Cr- and Ce-Doped Ferrite Catalysts for the High Temperature Water−Gas Shift Reaction: TPR and Mossbauer Spectroscopic Study

Cr and Ce-doped Fe2O3 catalysts are investigated for high temperature water gas shift (WGS) reaction. The chosen doping atomic ratios of Fe/metal for this investigation ranged from 10:0.2 to 10:2.5. Precipitation of Fe(III) nitrates with Cr- or Ce-metal nitrate(s) at different concentrations resulted in formation of high surface area nanosized catalysts. The WGS reaction was carried out in a fixed bed reactor at 400 and 500 °C and at atmospheric total pressure. Of all catalysts tested, Fe/Cr (10:0.5) and Fe/Ce (10:2) exhibited the highest activity within the specified activation conditions. X-ray diffraction (XRD) measurements revealed the formation of hematite (Fe2O3) phase in fresh catalysts, and magnetite (Fe3O4) phase in the activated and used catalysts after the WGS reaction. Lattice parameters reveal that the dopant ions enter the hematite structure under the present synthesis conditions. A lattice expansion occurs in the case of the Fe/Ce catalysts while a lattice contraction for the Fe/Cr catalysts. Temperature programmed reduction measurements suggest that the addition of Cr to hematite increases the transformation temperature, T max of Fe2O3 → Fe3O4, whereas the addition of Ce decreases T max of Fe2O3 → Fe3O4 transformation.
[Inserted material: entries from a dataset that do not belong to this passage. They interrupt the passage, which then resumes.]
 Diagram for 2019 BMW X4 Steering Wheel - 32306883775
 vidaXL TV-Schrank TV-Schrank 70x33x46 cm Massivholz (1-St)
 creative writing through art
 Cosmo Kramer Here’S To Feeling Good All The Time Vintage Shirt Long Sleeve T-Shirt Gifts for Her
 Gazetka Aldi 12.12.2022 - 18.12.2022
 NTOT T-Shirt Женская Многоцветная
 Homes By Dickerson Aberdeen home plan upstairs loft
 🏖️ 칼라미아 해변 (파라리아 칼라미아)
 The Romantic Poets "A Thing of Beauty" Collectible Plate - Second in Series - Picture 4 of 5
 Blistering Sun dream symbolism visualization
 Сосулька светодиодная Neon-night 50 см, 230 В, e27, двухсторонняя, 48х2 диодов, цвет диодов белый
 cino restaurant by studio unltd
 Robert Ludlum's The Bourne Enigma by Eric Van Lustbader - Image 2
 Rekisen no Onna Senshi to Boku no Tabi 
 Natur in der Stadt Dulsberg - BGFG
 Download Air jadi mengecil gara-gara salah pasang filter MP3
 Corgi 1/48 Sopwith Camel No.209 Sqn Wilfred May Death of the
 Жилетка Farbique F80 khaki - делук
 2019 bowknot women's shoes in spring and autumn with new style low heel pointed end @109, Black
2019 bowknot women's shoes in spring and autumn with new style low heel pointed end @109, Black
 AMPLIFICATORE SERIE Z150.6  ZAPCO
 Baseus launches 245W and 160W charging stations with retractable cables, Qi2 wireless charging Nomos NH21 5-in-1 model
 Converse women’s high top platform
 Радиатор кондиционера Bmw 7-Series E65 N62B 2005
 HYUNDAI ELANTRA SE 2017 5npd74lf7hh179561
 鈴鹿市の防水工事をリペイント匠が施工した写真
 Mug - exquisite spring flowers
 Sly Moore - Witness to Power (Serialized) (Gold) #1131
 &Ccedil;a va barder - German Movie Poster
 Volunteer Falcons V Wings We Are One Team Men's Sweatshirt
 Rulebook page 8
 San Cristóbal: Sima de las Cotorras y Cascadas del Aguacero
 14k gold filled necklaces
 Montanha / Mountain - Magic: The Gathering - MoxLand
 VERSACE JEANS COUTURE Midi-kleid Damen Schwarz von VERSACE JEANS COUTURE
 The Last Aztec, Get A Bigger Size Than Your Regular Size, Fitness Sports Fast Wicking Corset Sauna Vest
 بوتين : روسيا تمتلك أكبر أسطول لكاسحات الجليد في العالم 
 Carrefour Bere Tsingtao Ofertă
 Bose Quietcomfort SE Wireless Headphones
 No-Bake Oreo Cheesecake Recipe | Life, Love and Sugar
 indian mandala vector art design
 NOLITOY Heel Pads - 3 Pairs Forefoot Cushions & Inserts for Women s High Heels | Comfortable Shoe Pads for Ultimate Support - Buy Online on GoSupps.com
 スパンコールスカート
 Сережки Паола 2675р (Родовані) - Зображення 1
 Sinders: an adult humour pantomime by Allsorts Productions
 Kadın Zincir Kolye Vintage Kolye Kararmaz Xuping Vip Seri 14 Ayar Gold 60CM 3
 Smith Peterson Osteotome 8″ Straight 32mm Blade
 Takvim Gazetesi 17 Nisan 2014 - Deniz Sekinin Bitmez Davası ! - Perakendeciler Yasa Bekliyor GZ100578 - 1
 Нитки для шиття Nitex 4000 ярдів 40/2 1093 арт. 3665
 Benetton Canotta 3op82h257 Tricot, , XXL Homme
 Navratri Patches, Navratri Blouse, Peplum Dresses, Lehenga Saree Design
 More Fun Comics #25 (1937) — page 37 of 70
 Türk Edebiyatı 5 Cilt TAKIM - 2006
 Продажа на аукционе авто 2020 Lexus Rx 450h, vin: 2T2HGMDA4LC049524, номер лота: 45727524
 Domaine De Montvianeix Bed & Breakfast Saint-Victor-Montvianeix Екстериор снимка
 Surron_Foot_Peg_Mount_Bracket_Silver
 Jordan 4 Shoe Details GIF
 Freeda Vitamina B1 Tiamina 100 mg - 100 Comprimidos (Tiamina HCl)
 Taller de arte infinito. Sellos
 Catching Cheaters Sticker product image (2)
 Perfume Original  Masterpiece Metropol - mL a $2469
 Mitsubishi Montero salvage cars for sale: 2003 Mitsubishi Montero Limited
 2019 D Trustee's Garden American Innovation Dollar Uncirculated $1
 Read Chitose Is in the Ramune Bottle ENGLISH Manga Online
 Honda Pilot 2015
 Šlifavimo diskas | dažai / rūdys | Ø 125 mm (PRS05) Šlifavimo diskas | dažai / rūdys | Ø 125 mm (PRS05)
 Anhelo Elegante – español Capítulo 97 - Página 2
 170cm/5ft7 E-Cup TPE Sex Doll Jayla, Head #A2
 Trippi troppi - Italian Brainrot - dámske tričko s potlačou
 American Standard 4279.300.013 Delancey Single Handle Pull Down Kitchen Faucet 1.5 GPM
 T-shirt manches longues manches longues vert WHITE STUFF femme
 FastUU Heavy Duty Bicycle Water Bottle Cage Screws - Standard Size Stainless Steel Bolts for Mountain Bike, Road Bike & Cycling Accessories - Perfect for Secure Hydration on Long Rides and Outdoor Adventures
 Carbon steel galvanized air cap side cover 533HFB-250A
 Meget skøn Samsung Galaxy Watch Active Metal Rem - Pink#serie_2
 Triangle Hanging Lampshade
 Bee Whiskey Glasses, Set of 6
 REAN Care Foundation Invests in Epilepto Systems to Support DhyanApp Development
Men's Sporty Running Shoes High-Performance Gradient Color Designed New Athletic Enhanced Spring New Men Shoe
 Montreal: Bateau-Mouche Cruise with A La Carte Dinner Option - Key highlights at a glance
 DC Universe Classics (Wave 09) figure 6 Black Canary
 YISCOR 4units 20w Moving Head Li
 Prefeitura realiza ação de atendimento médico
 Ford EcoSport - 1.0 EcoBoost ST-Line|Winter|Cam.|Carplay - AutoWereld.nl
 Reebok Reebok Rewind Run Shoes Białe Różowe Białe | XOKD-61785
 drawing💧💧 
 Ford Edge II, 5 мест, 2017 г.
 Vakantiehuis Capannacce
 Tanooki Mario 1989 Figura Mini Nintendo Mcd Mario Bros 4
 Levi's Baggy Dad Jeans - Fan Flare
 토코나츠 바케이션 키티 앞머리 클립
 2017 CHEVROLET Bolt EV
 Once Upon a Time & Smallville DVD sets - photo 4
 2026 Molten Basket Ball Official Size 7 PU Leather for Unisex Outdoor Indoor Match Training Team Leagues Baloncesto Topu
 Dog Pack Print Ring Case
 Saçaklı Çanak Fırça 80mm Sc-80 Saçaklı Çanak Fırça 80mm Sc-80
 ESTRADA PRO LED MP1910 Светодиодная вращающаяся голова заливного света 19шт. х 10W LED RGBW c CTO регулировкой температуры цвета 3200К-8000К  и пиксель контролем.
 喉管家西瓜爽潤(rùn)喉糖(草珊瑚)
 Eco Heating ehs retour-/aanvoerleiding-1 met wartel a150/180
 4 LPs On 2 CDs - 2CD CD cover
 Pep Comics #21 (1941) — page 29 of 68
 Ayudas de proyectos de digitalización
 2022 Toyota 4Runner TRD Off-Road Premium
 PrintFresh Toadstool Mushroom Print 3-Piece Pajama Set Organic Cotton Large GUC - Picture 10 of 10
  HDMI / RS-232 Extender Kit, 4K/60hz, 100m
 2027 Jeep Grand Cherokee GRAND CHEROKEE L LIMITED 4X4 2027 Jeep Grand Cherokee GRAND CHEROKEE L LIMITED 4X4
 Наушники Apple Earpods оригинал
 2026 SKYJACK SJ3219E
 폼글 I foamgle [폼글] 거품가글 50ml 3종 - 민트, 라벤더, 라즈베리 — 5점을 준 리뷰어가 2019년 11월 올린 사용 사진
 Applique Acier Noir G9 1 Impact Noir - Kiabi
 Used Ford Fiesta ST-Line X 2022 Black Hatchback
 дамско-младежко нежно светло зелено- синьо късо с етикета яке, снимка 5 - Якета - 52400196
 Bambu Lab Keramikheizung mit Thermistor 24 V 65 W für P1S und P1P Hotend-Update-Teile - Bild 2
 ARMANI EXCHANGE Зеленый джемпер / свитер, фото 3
Mössbauer spectroscopy studies show changes in internal magnetic field at iron octahedral sites with characteristic isomer shift “δ” resulting due to lattice contraction or expansion of the hematitic phase. These effects strongly depend on the nature and the amount of the incorporated metal cation. Mössbauer spectroscopy measurements also reveal that a rearrangement of Fe2+ and Fe3+ ions occurs between the octahedral (Oh) and tetrahedral (Td) sites during the WGS reaction of pure Fe2O3. No such rearrangement was noted in the doped catalysts except for the Fe/Cr (10:0.2) case.